Attached up to these four yokes, like oxen pulling an overloaded cart, we’re “conjoined with evil, unskillful qualities.” We’re riddled with desire, aversion, and delusion, and in a state of “suffering and stress.”

But unlike the yokes used on oxen, we put the yokes of sensuality, becoming, views, and ignorance around our own necks. It’s essential to understand this, because when we realize that we’ve put ourselves in bondage, we can then see that we are able to free ourselves from that bondage.

How?

Freedom, the Buddha tells us, relies on wisdom, which enables us to “let go” of the four yokes.

In the sutta, the Buddha suggests five steps we can take in an effort to cultivate this wisdom, examining the following in regards to each yoke: origination, passing away, allure, drawbacks, and escape.

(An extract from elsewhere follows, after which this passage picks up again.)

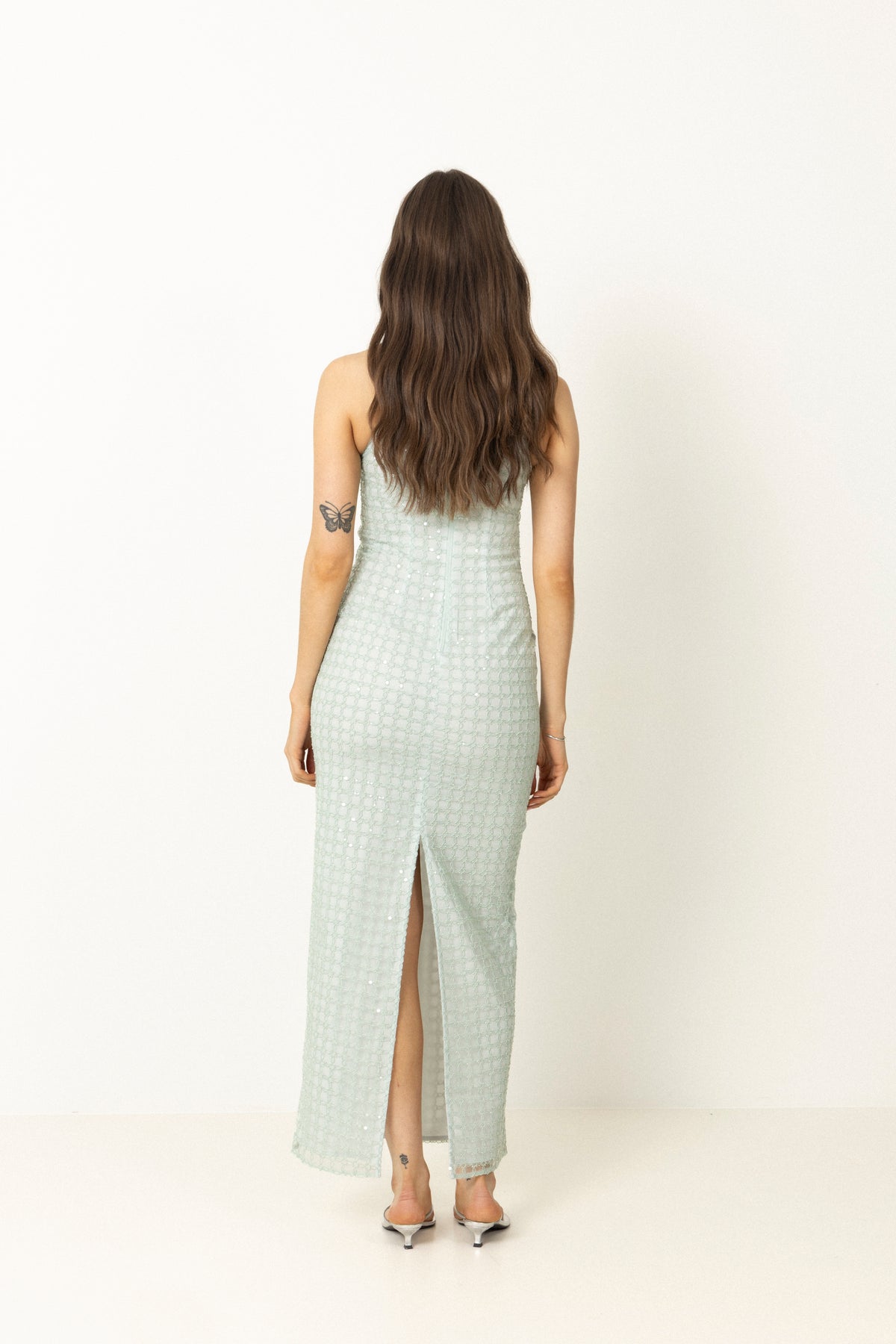 Beaded Maxi Dress - Ice Flow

In seeing origination, we look closely at what occurs in the body and mind as we begin to become attached to the four yokes—we learn to pay attention, for instance, to our experience as we begin to engage in a form of sensuality. We may notice, say, that as we go on the Internet and begin to surf various websites, there’s a specific thought pattern that arises; maybe there’s a line of thinking that triggers a sense of urgency, that suggests that it’s critically important that open our laptops or pick up our phones.  Maybe there’s a corresponding quality of desire in the body, perhaps a jagged thrum in the chest or abdomen. We may notice that the breath shortens; maybe the in-breath is squeezed or constricted.

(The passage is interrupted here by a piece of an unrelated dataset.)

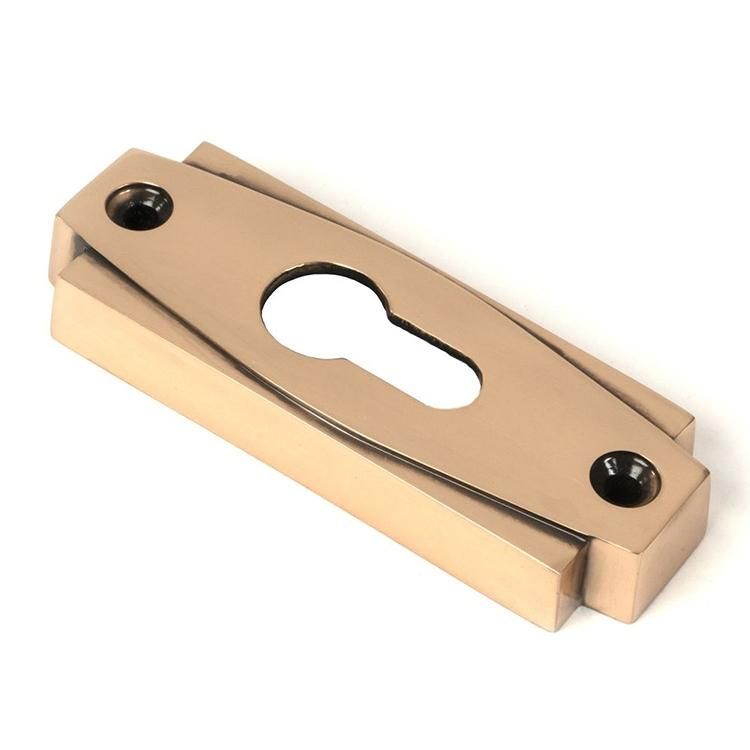 Polished Bronze "Roman" Euro Escutcheon - 100mm x 36mm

Similarly, we learn to be heedful of our experience as we enter into a state of becoming. As we begin to engage in a narrative about a difficult conversation with our son or daughter, we may notice that we’re triggered by fearful thoughts. We may notice a feeling of apprehension, a tightness in the chest. We may notice that the breath has become rough, out of alignment.
As we’re mindful of the qualities of body and mind that instigate our taking up of the yoke, we become more able to prevent ourselves from doing it. Once we’ve become obsessed with the yokes, it’s exceedingly difficult to let go of them; but if we are mindful of these four yokes before they become too oppressive, we have a better chance to free ourselves from them.

In being mindful of “passing away,” we pay attention to what it’s like as we unharness ourselves from the yokes. As we disengage from a sense experience like the Internet, we may notice a certain quality in the mind—perhaps a loss of interest or a weariness that comes after staring at a computer screen. Or we can consider what the mind is like as we put aside a view about another person or a political ideology. We may notice that the current of thinking begins to slow or turn in a different direction. We may notice that the emotion we have been feeling begins to dissipate. What’s the body like as we discard these views? What’s the breath like?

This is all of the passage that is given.